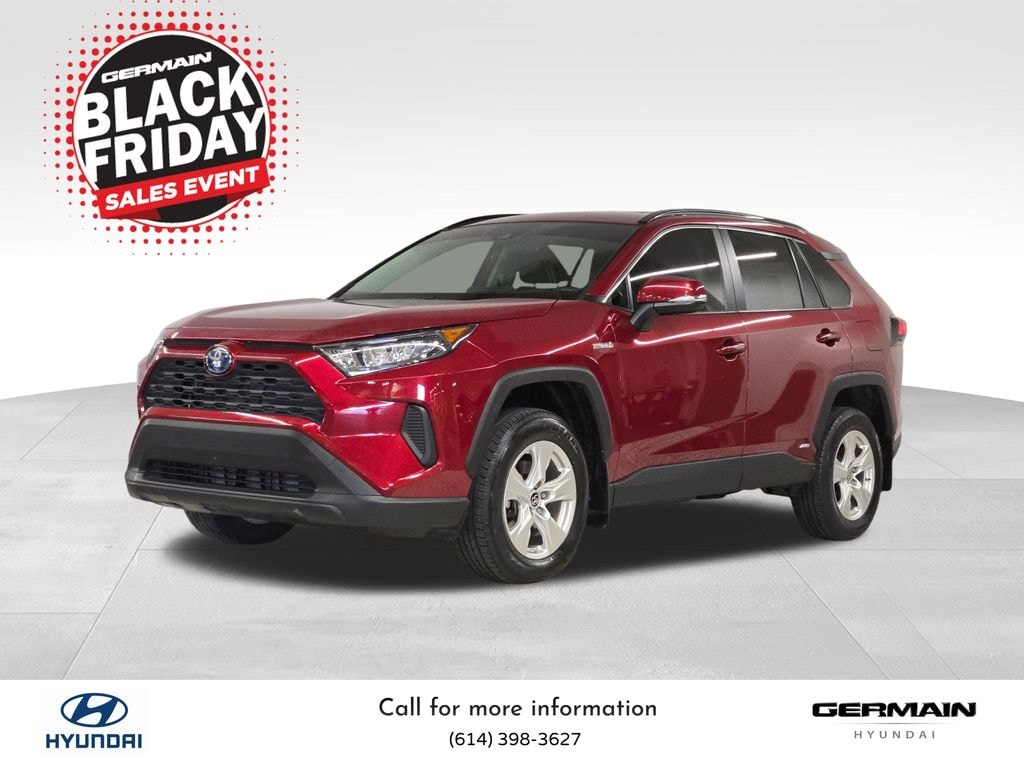 Used 2019 Toyota RAV4 Hybrid LE SUV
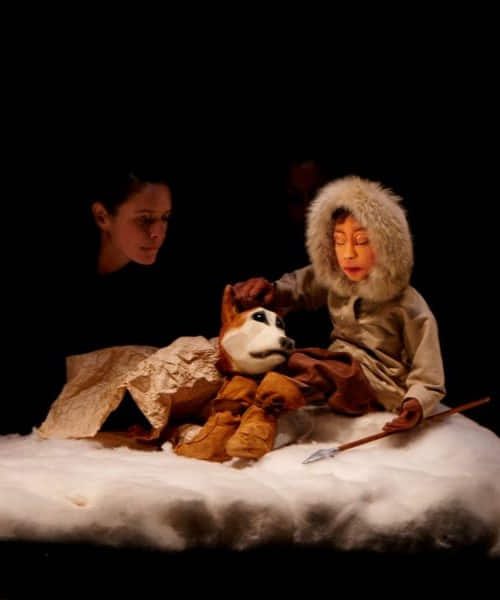 Spectacle de marionnettes "Les yeux de Taqqi"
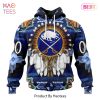 BEST NHL Buffalo Sabres Special Native Costume Design 3D Hoodie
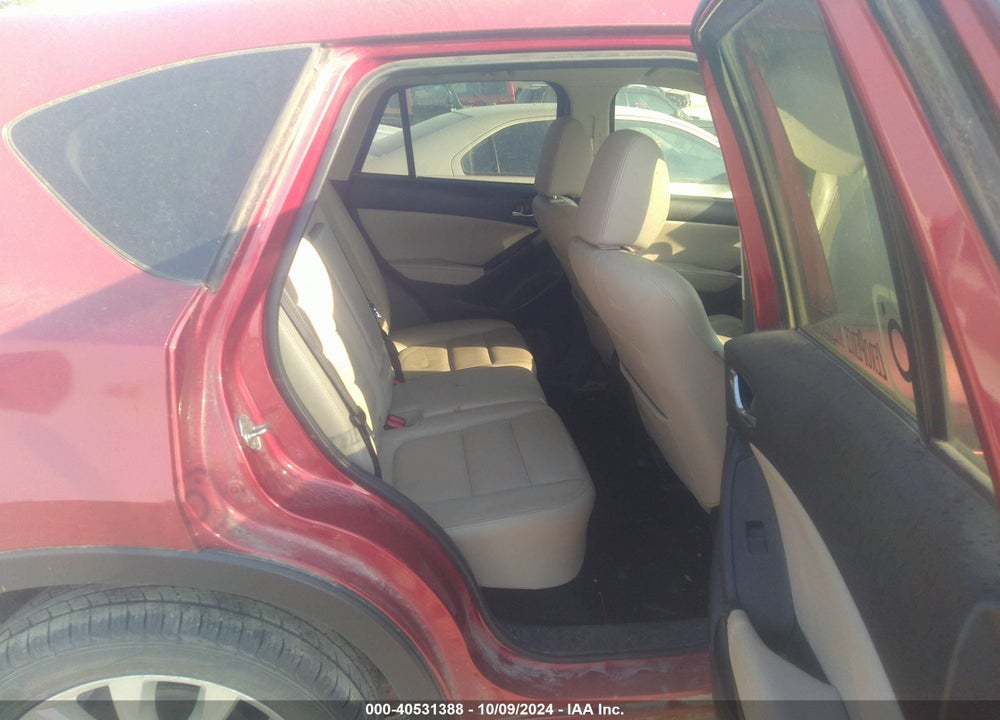 2013 MAZDA CX-5 GRAND TOURING VIN: JM3KE2DE2D0138518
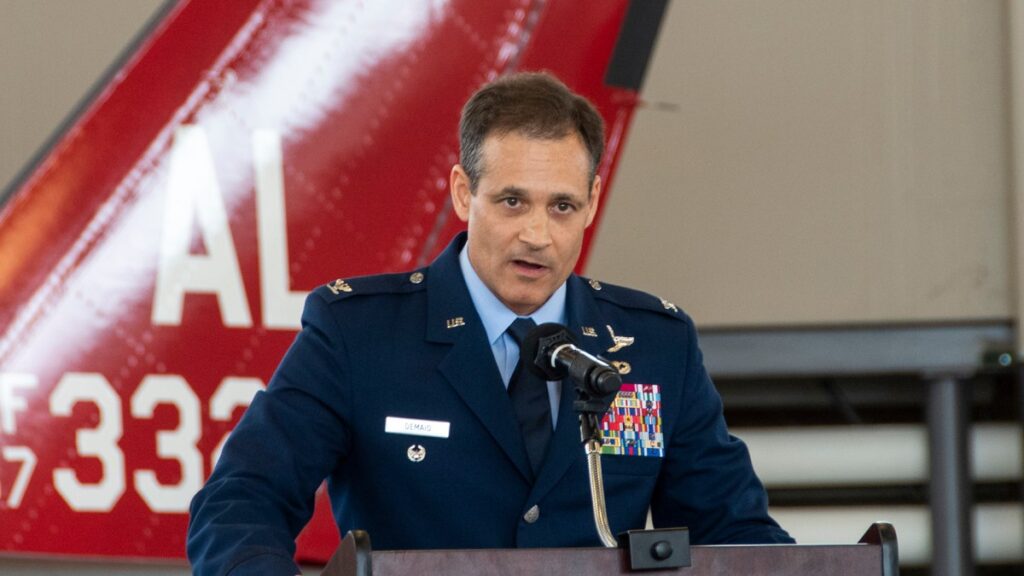 Alabama Air National Guard commander wins appeal after firing
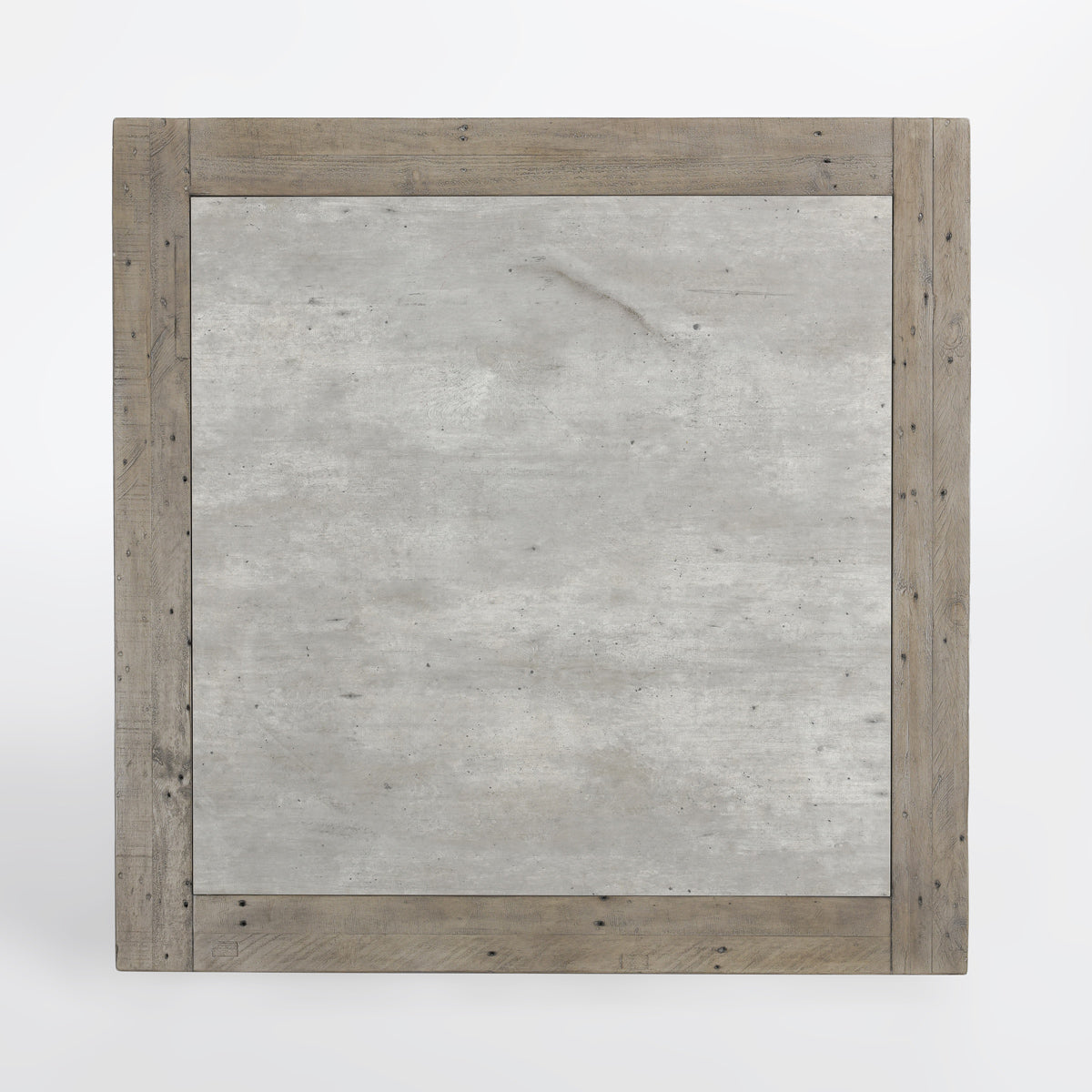 Stonebridge Distressed Gray/Weathered Cement Coffee Table - Ornate Home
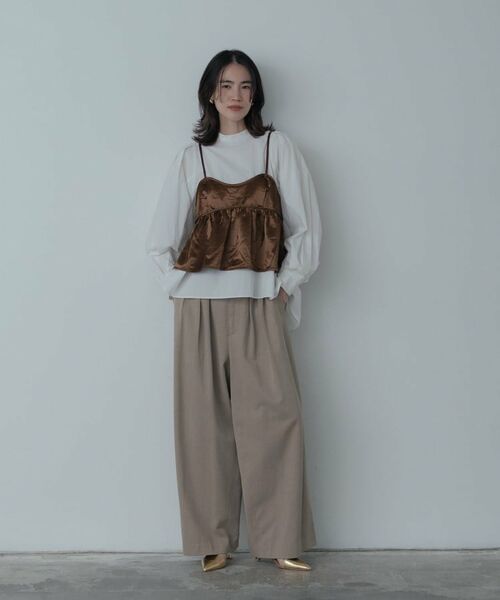 GALLEST / ギャレスト シャツ・ブラウス | タイプライターボリュームスリーブブラウス | 詳細15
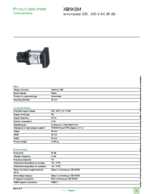 Datasheet for Schneider Electric XB5KSM, EAN: 3389110102697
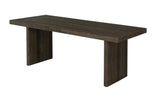 Monterey Dining Table Aged Brown by Moe's Home at Eve Furniture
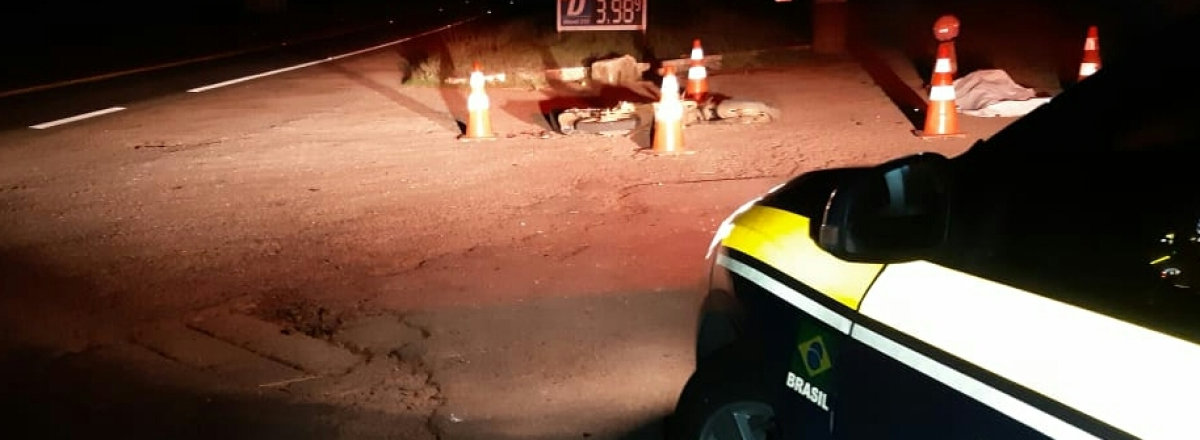 Motociclista morre em acidente na BR-290 em Caçapava do Sul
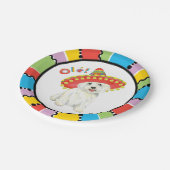 Fiesta Westie Papieren Bordje (Gekanteld)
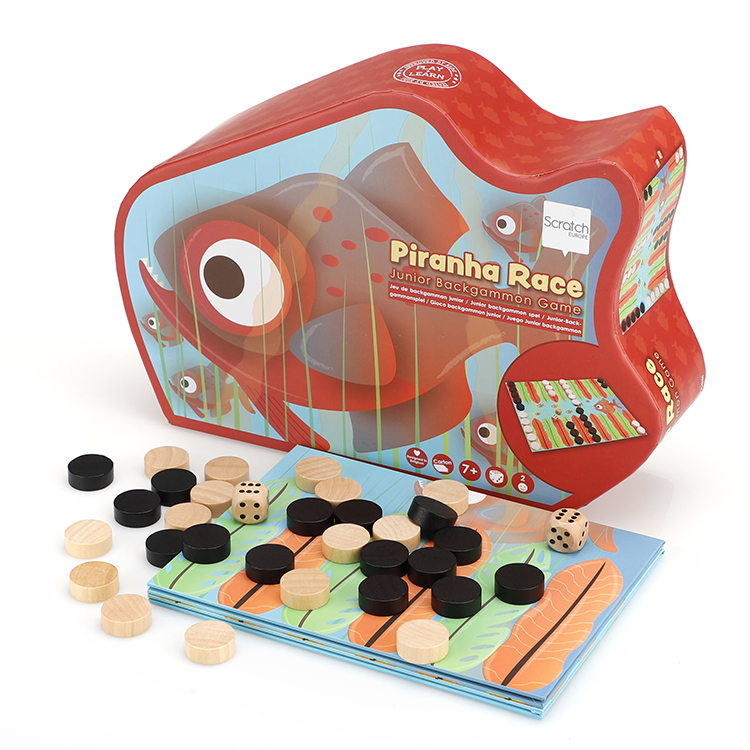 صندوق تعبئة ملون لألعاب الظهر للأطفال الذين تتراوح أعمارهم بين 7 زائد.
########################################
* **Action item**
Return verbatim every line from the one holding "Spectacle de marionnettes" to the end of the records above. Do not copy the pictures.

* **Expected answer**
 Spectacle de marionnettes "Les yeux de Taqqi"
 BEST NHL Buffalo Sabres Special Native Costume Design 3D Hoodie
 2013 MAZDA CX-5 GRAND TOURING VIN: JM3KE2DE2D0138518
 Alabama Air National Guard commander wins appeal after firing
 Stonebridge Distressed Gray/Weathered Cement Coffee Table - Ornate Home
 GALLEST / ギャレスト シャツ・ブラウス | タイプライターボリュームスリーブブラウス | 詳細15
 Datasheet for Schneider Electric XB5KSM, EAN: 3389110102697
 Monterey Dining Table Aged Brown by Moe's Home at Eve Furniture
 Motociclista morre em acidente na BR-290 em Caçapava do Sul
 Fiesta Westie Papieren Bordje (Gekanteld)
 صندوق تعبئة ملون لألعاب الظهر للأطفال الذين تتراوح أعمارهم بين 7 زائد.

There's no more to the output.